Saking dahsyatnya gempa, dirinya dan keluarga tidak bisa keluar rumah saat getaran dari dalam tanah dirasakannya. Meski rusak parah, beruntung mereka berempat berhasil menyelamatkan diri.
Saat sampai di luar rumah, hanya debu yang terlihat, dan suara minta tolong dari para tetangganya.
"Manusia tidak sekuat apa yang dipikirkannya sehebat apapun manusia tetap kalah dengan alam," ucap dia
"Kita harus kembali ke penciptaa-Nya enggak boleh sombong," kata Suwarno.
Baca juga: 14 Tahun Gempa Yogya, Gotong Royong Jadi Modal untuk Bangkit
Dukuh Potrobayan Sayudi menceritakan, di wilayahnya dari jumlah penduduk saat 2006 ada 638 orang, ada 13 orang meninggal, dan 75 luka berat.
Waktu itu Sayudi baru bangun saat gempa mengguncang, dan lari bersama anak laki-lakinya. Melihat rumahnya roboh, waktu itu masih belum menyadari terjadi gempa. Saat itu dirinya lari ke rumah orang tuanya. Beruntung, waktu itu kedua orangtuanya selamat. Termasuk keluarganya tidak ada yang menjadi korban meninggal dunia.
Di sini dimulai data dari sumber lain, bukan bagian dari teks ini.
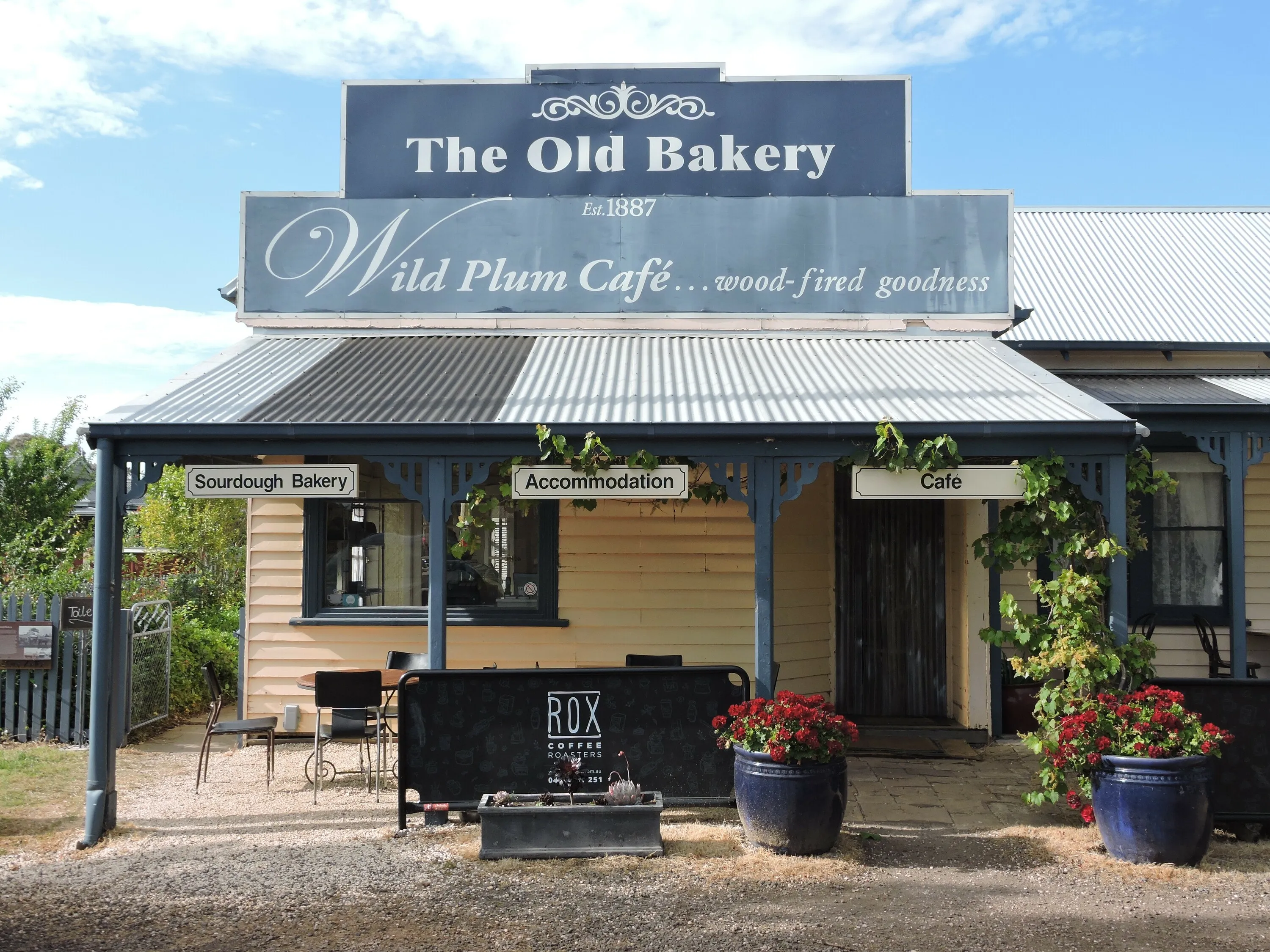 The blue and yellow exterior of Dunkeld Old Bakery.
Setelah memastikan seluruh keluarganya selamat, Dukuh yang menjabat sejak tahun 1990 itupun bergegas mengecek warganya. "Setelah melihat (rumah) yang lain ternyata semuanya sama," kata Sayudi saat ditemui di rumahnya.
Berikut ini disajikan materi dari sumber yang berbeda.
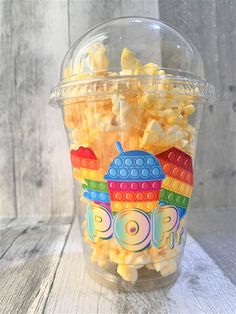 a plastic cup filled with yellow popcorn on top of a wooden table next to a white wall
Dari 198 rumah yang berdiri waktu itu di wilayah Potrobayan, hanya ada 4 rumah rusak ringan, lainnya rusak berat dan roboh. Sebagian besar roboh saat gempa susulan yang terus mengguncang saat itu. Rumah yang awalnya hanya retak, saat munculnya gempa susulan pun roboh. Warga saat itu tinggal di tenda ataupun penutup seadanya.
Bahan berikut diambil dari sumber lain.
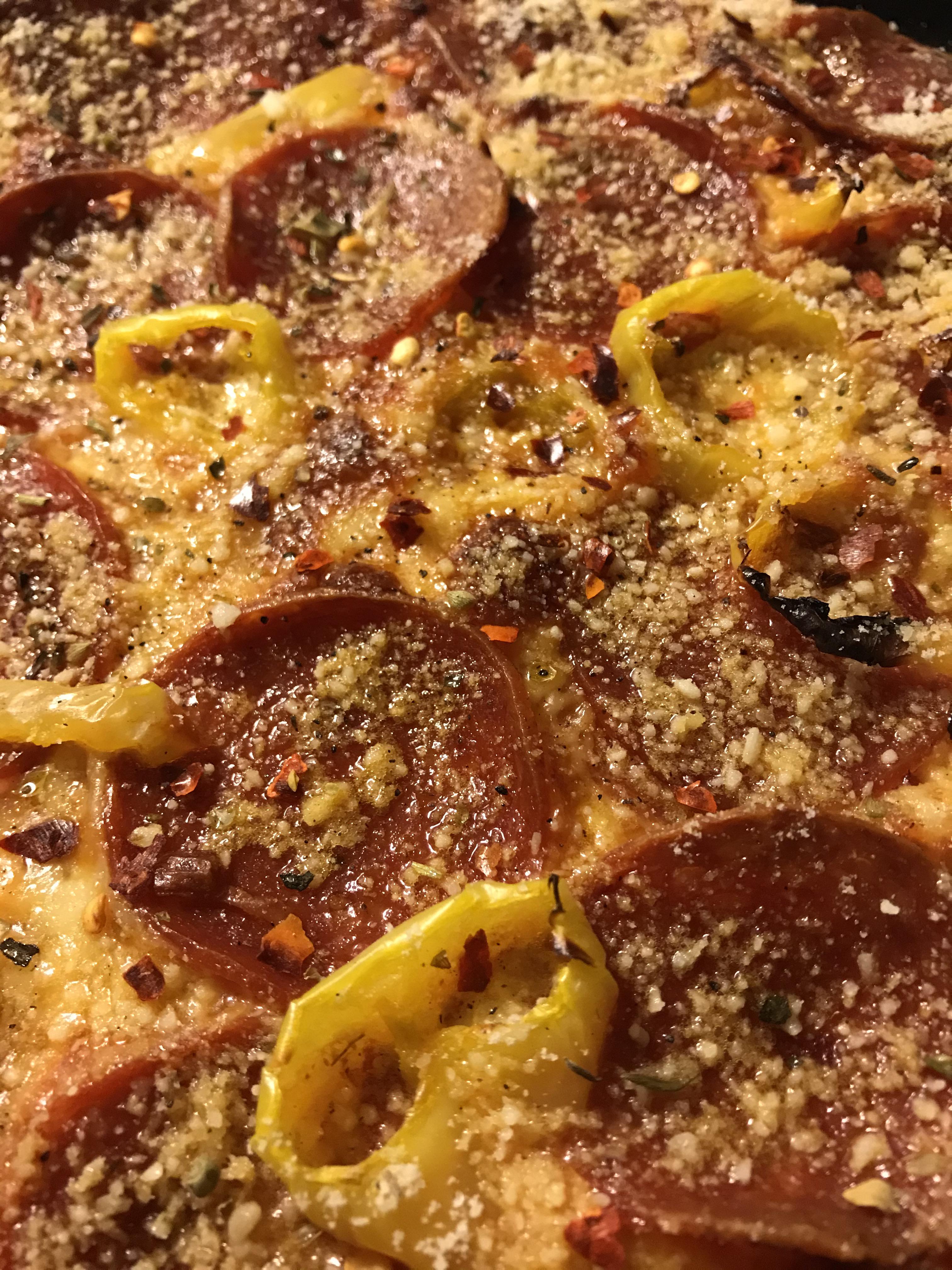 Pepperoni and banana peppers topped with grated parmesan, Italian herbs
Untuk warga yang selamat, meninggal maupun luka dibawa ke salah satu kantor yang berada di Padukuhan Potrobayan. Suasana gaduh saat itu, sebagian warga lain mempersiapkan penguburan 13 warga yang meninggal dunia, mereka dikubur dalam satu liang dengan lebar sekitar 12 meter di Tempat Pemakaman Umum.
Usia yang meninggal pun bervariasi dari paling muda bayi 1,5 bulan hingga orang tua usia di atas 70 tahun.
"Sebenarnya beberapa hari setelah gempa ada warga terutama yang sepuh meninggal dunia, tetapi bukan korban gempa. Mungkin mereka tertekan ya melihat situasi kala itu," kenang Sayudi
Pascagempa, selama hampir 5 bulan, warga mendengar suara dentuman seperti suara meriam. Selain itu, sebagian besar semua sumur di wilayah Potrobayan kering. Warga lalu mengebor sumur untuk mendapatkan air bersih.
"Suara dentuman semakin lama semakin mengecil," kata dia.
"Dulu masih ada relawan pun kadang mereka berlari setelah mendengarkan dentuman," ucap Sayudi.